Report shows more women needed in senior business roles
A new report has shown that the UK's push for gender equality in top business jobs has slowed down.
According to research published by The Pipeline, there are not enough women occupying senior executive roles on committees and corporate boards.
Since April, the number of women in roles such as these has stalled at sixteen percent. The number of companies with no women on their executive committees has actually risen since last year.
The damning report comes after a push by the British government to encourage more female representation in the top jobs of the corporate world.
The numbers of women in positions such as these has in fact dropped from thirty-eight percent to thirty-five percent since this time last year.
Not only would a greater gender balance encourage more women to apply for these jobs, but it would also mean greater financial success for these companies.
According to recommendations put forward by The Pipeline, the more women there are in senior managerial roles, the more profitable the company is.
"Adding one more woman in senior management or on a corporate board, while keeping the size of the board unchanged, is associated with 8 to 13 basis points higher return on assets."
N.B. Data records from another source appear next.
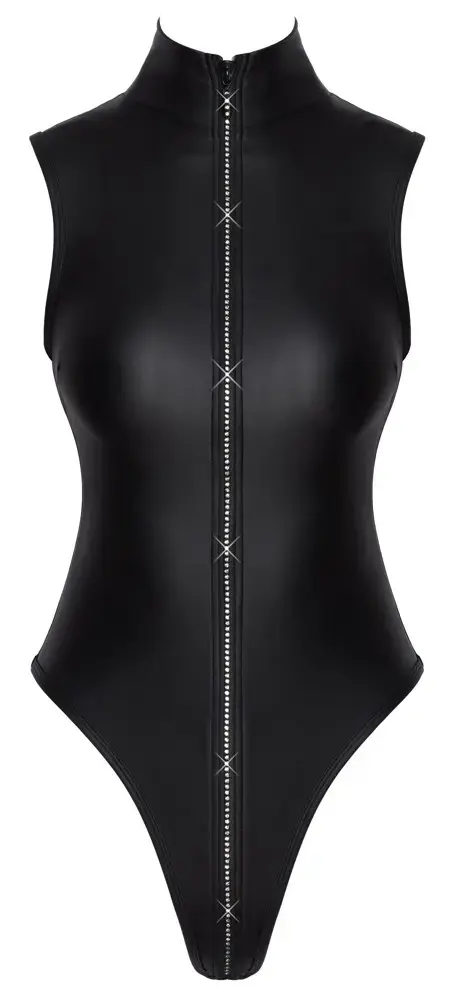 Bodijs Cottelli Collection L Rhinestone Zip Black Photo 5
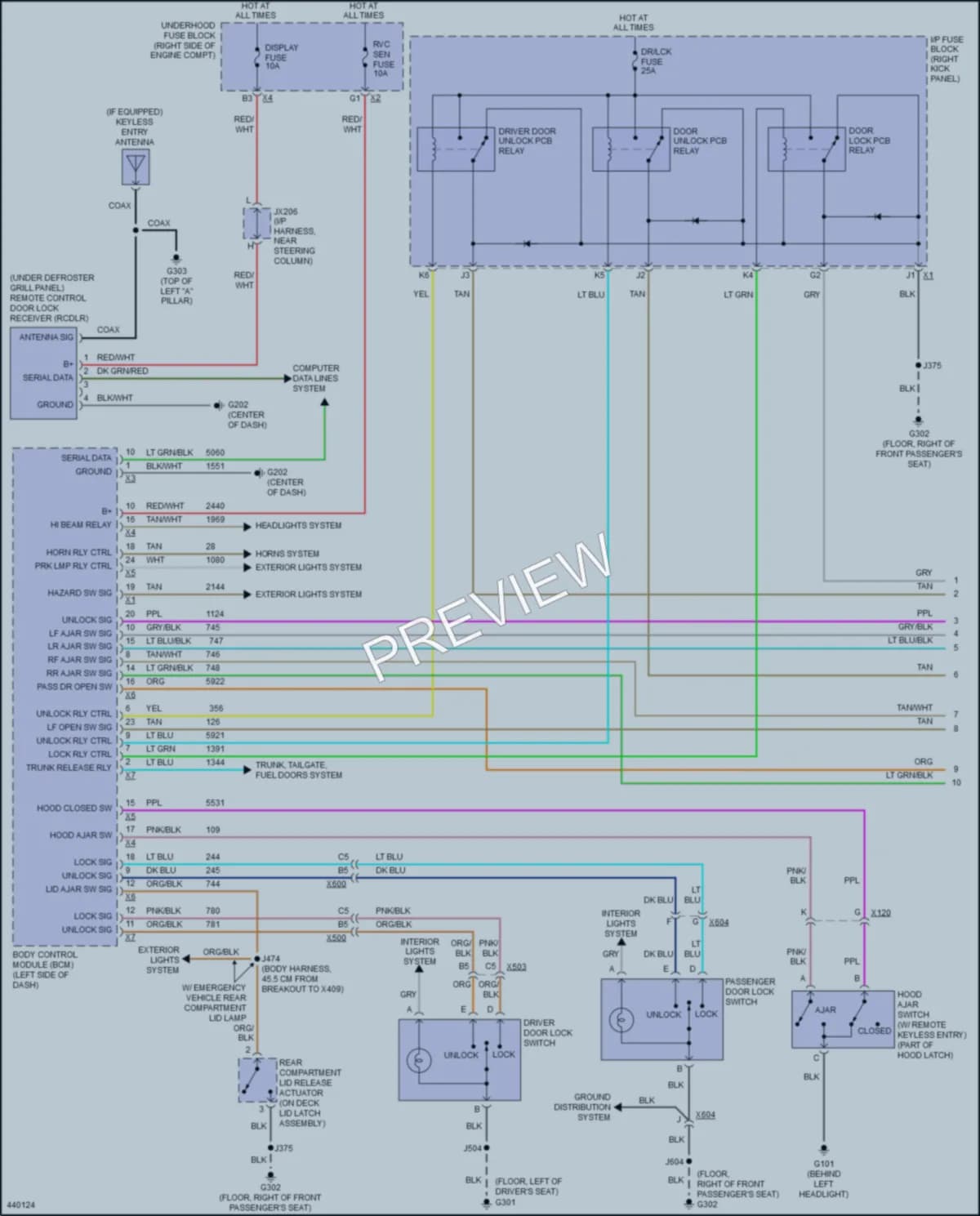 2015 Chevrolet ImpalaLimited Power Door Locks wiring diagram preview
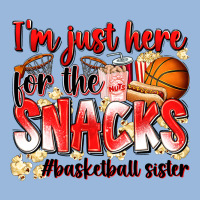 Im Just Here For The Snacks Basketball Sister Premium Hoodie | Teevron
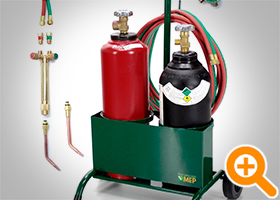 Conjunto de Maçarico Oxigênio e Acetileno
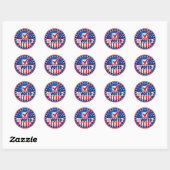 Ik heb ervoor gestemd! ronde sticker (Vel)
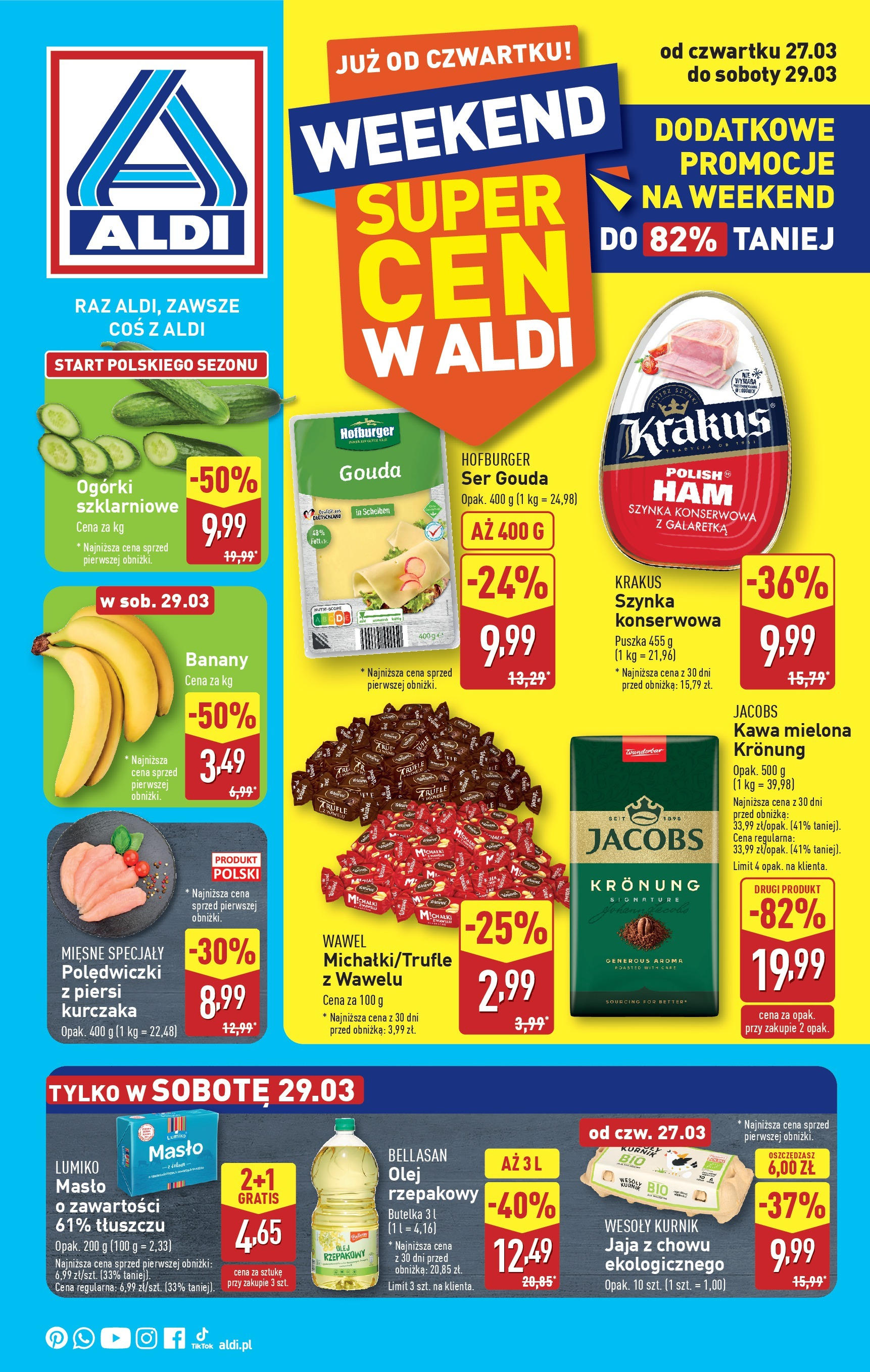 Aldi Okazje na weekend Gazetka ważna od 27.03.2025 do 29.03.2025 strona 1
Similarly, the companies that are embracing gender equality in the workplace are more likely to have high financial returns, according to the group.
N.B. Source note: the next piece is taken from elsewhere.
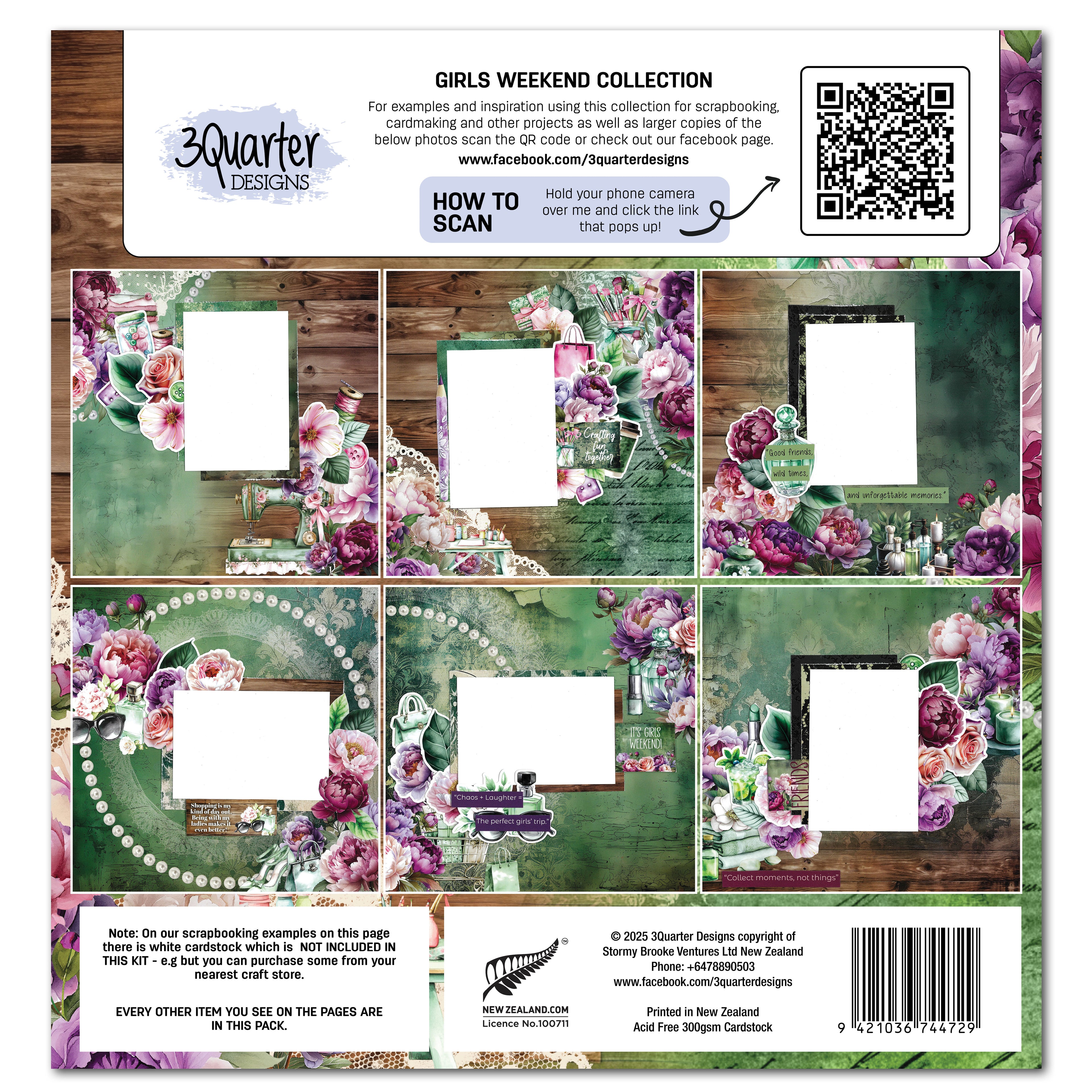 3Quarter Designs Girls Weekend Collection Kit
The study also found that once in senior executive roles, women have a tendency to promote more women to other senior positions over men. This would further bridge the gap between men occupying far more senior positions than women in the financial world.
The report recommends that by 2020, FTSE 350 companies should have at least thirty-three percent female representation on their boards.
It also asks that companies voluntarily publish the numbers of women in high positions every year.